A sempre pressurosa comunicação social, gulosa de mortes macabras, noticiou estrondosamente o feito. Odete Mata-bem, líder do grupo, e Roseta Despacha-depressa, sua assessora, em entrevistas às rádios e às televisões conclamaram que Portugal era um país reaccionário com leis fundamentalistas que oprimiam o direito de escolha das mulheres, as julgavam e ameaçavam de prisão, caso elas eutanasiassem alguém. Muitas eutanasiavam no vão de escada, sem condições de higiene, com grave risco para a sua integridade física e psicológica (devido, entre outras circunstâncias, às reacções dos eutanasiados). Ora, as mulheres são responsáveis e nenhuma eutanasia de ânimo leve; elas são as principais protagonistas e as grande vítimas da eutanásia. De resto, quem poderá decidir por elas? O governo, o parlamento, os homens? Querem esses movimentos pró-vida impedir policialmente que as mulheres possam ir à Holanda levar os seus para serem eutanasiados? Vão colocar um polícia no quarto de cada portuguesa para impedir as mulheres de eutanasiarem clandestinamente? Daí que fossem a águas internacionais, uma vez que lá não vigoram as leis intolerantes deste país, sempre na cauda da Europa. Lá “interromperiam a vida” das women on waves, era um direito e uma dignidade da qual não abdicariam.
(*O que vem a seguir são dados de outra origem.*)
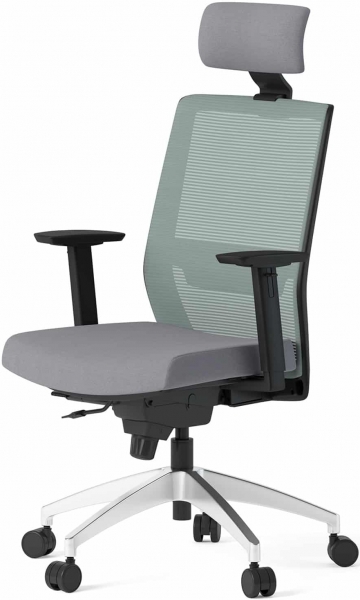 Bürotime Bold Başlıklı Alüminyum Yönetici Koltuğu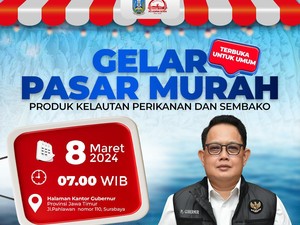Besok Pemprov Jatim Gelar Pasar Murah di Kantor Gubernur, Catat Waktunya
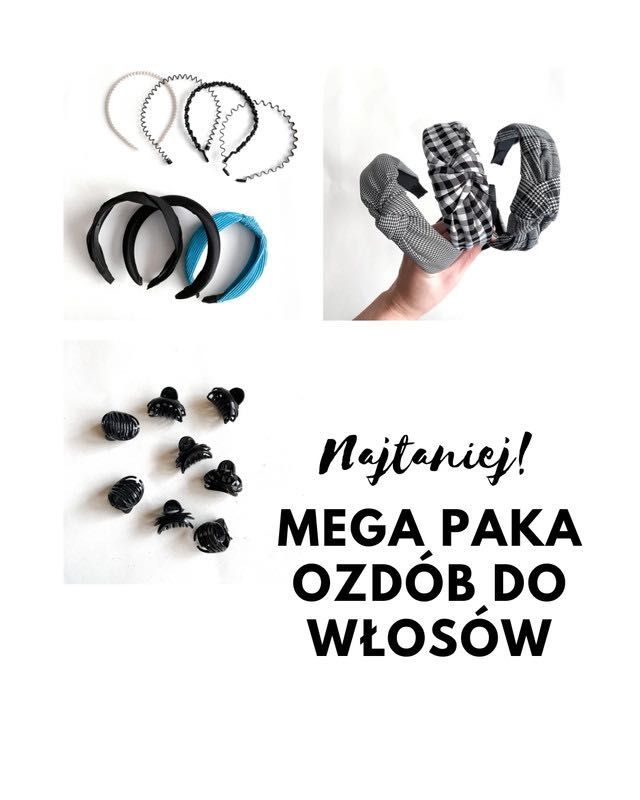 Mega paka ozdób do włosów stan idealny OKAZJA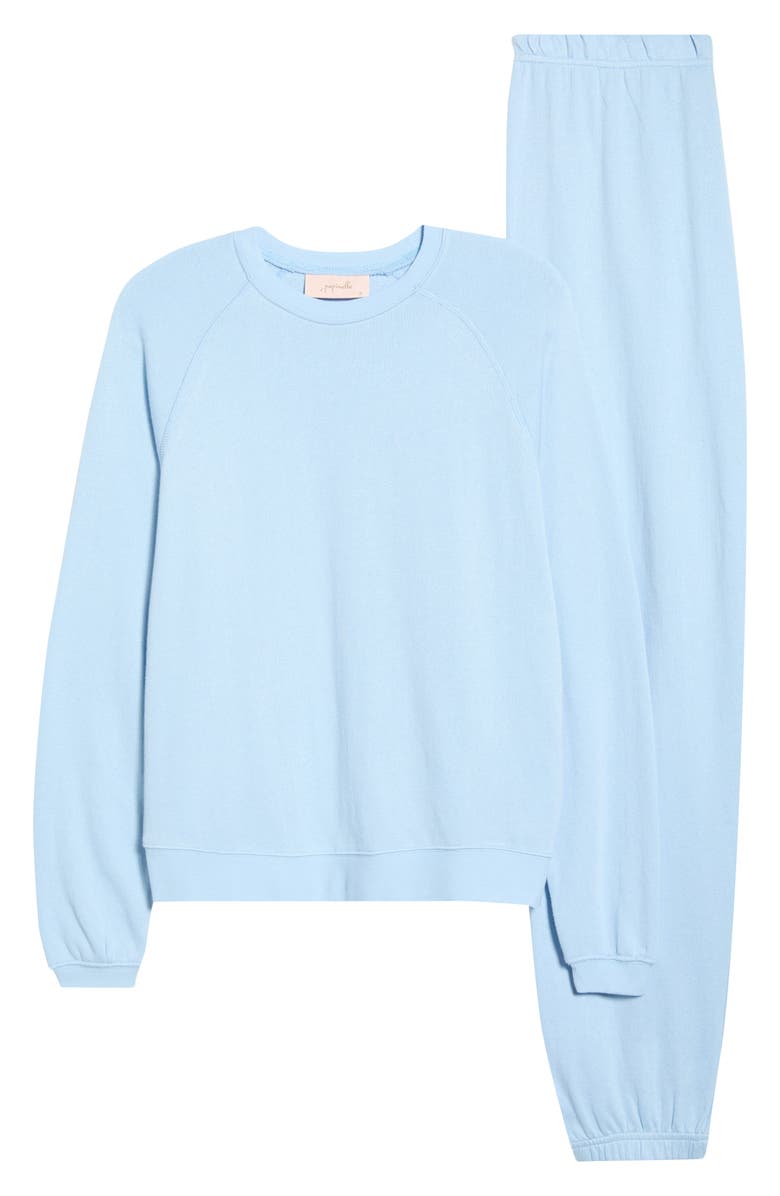 Papinelle Most Wanted Pajamas, Alternate, color, Clear Sky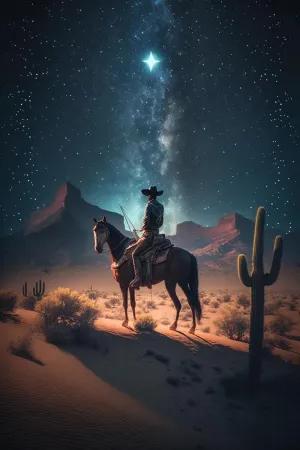 Puzzles for Adults 1000 Pieces,Wooden Puzzle,Desert Cowboy Puzzle-Large Puzzle Game Artwork for Adults Teens-Challenging and Fun Activity-Modern Home Decor-Birthday Gifts
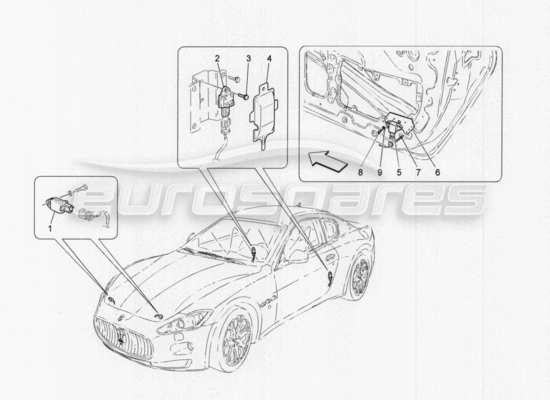 a part diagram from the maserati granturismo special edition parts catalogue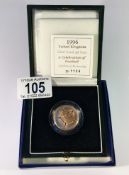 A Royal Mint 1996 United Kingdom gold proof coin 'A celebrations of football'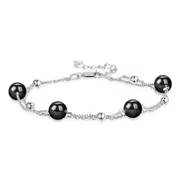 2PCS Copper Woman Fashion Jewelry Retro Simple DIY Bracelet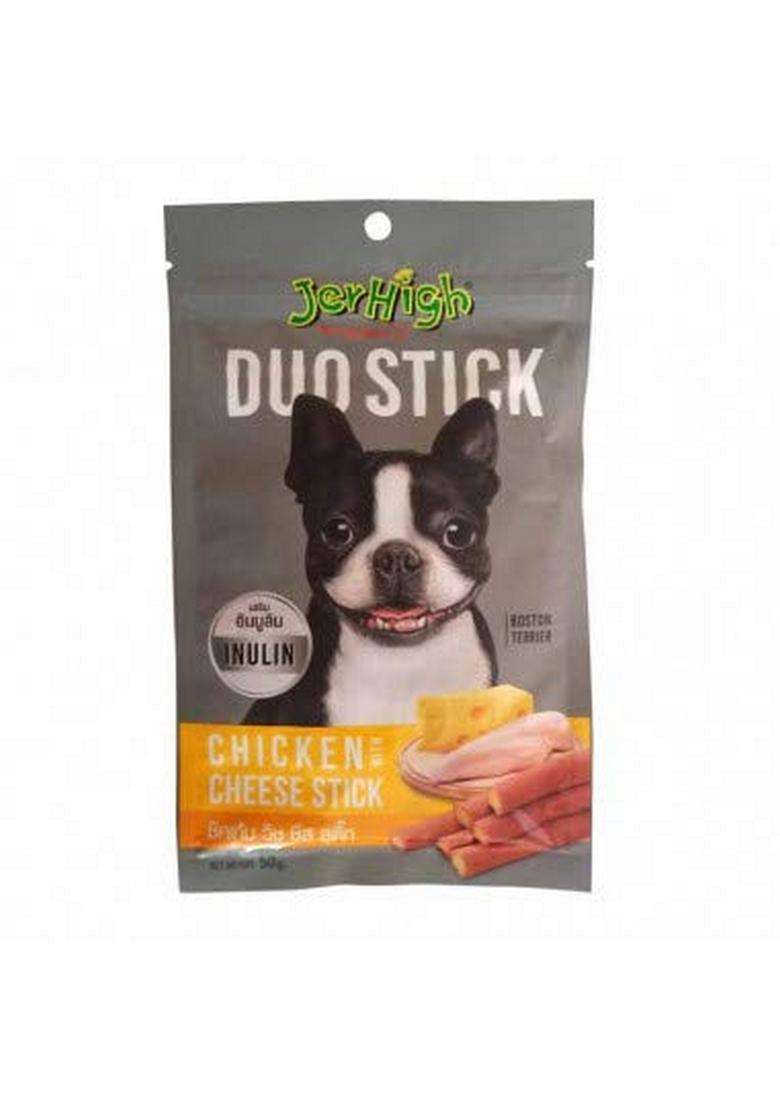 Jerhigh Duo Stick Spinach With Cheese 50 Gm (Pack Of 4), All Life Stages, Dogs - Indya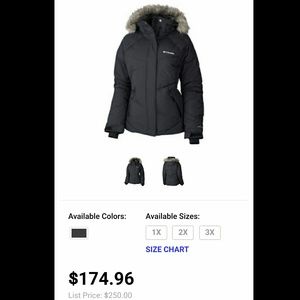 Brand New Women's Columbia Lay D Down Jacket 3X
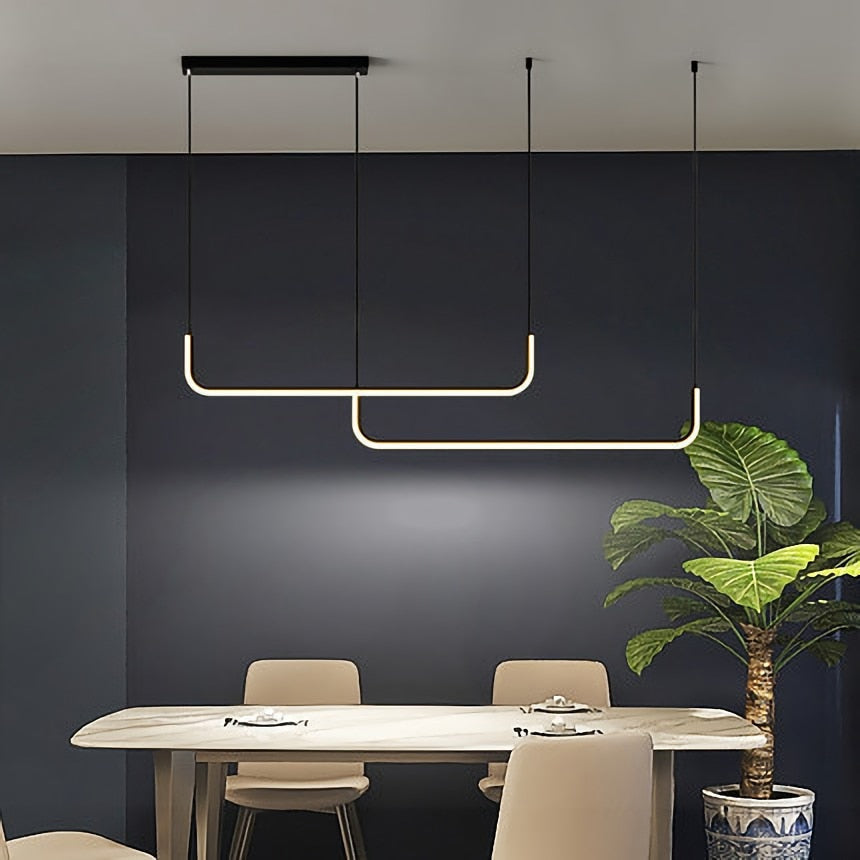 Arisha Nowoczesny Lampadario LED Złoto/Czarny Metal do Jadalni/Salonu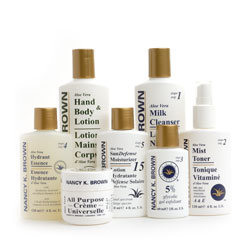 Nancy K Brown Sensitive Dry Fragile Skin Product Regimen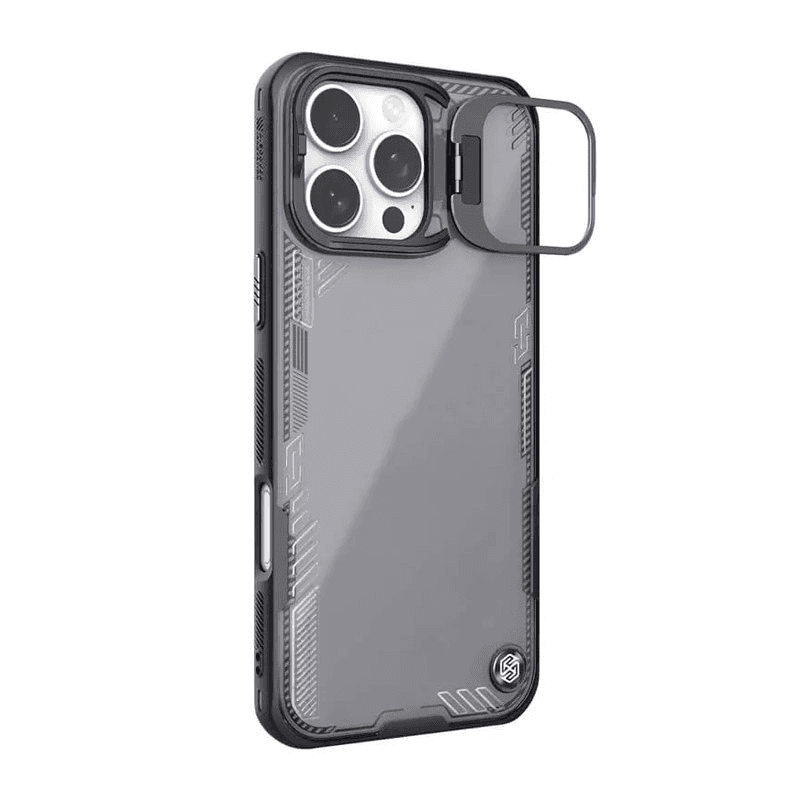 Чехол Nillkin Iceblade Prop для iPhone 16 Pro чёрный (с otvorom для kameru) - Maske za telefone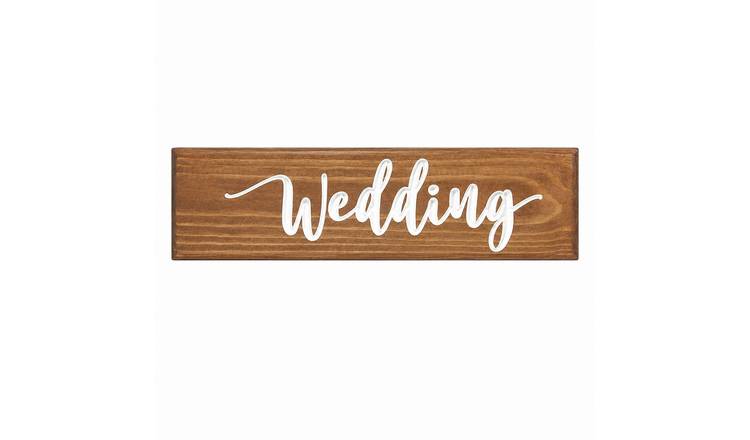 Peak Heritage Engraved Wooden Wedding Sign - L40cm - Wedding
O governo da nação, depois de titubear, proibiu a embarcação de sair das águas nacionais. O presidente da república, apelando à tolerância, manifestou o seu enorme desagrado por não ter sido consultado para a tomada de decisão. O primeiro-ministro comunicou que estava aberto para debater o problema, e que a lei podia sempre mudar, e que nesta matéria não se pode ser dogmático.
O BE e o PCP vomitaram raivas e cóleras contra a prepotência do governo, a JS dispôs uma embarcação para abalroar ou, pelo menos, distrair as fragatas da marinha de modo a proporcionar a fugida do barco da eutanásia para águas internacionais. Os candidatos à liderança do PS fizeram juras solenes de mudar a lei no parlamento ou em referendo. Para isso pediram a maioria absoluta dos votos a um povo que se diz maioritariamente católico. A RTP organizou um debate em que de seis pessoas, incluindo a entrevistadora, só uma era contra a eutanasia.
Os militantes pró-vida despertaram do letargo estival e colaram cartazes com uma frase considerada intolerável, discriminatória e hipócrita, um verdadeiro ultraje à dignidade e auto-determinação das mulheres: “Quem ama não mata”. Alguém do episcopado apressou-se a defender a liberdade de expressão e a exortar ao respeito de todas as opiniões. O senhor cardeal patriarca disse que a Igreja era muito clara em relação a essa matéria e que o governo “ofereceu de mão beijada o que esse movimento pretendia – um certo impacto mediático”.
Entretanto as women on waves solicitaram protecção governamental e imploraram aos movimentos pró-vida que não desistissem de as defender.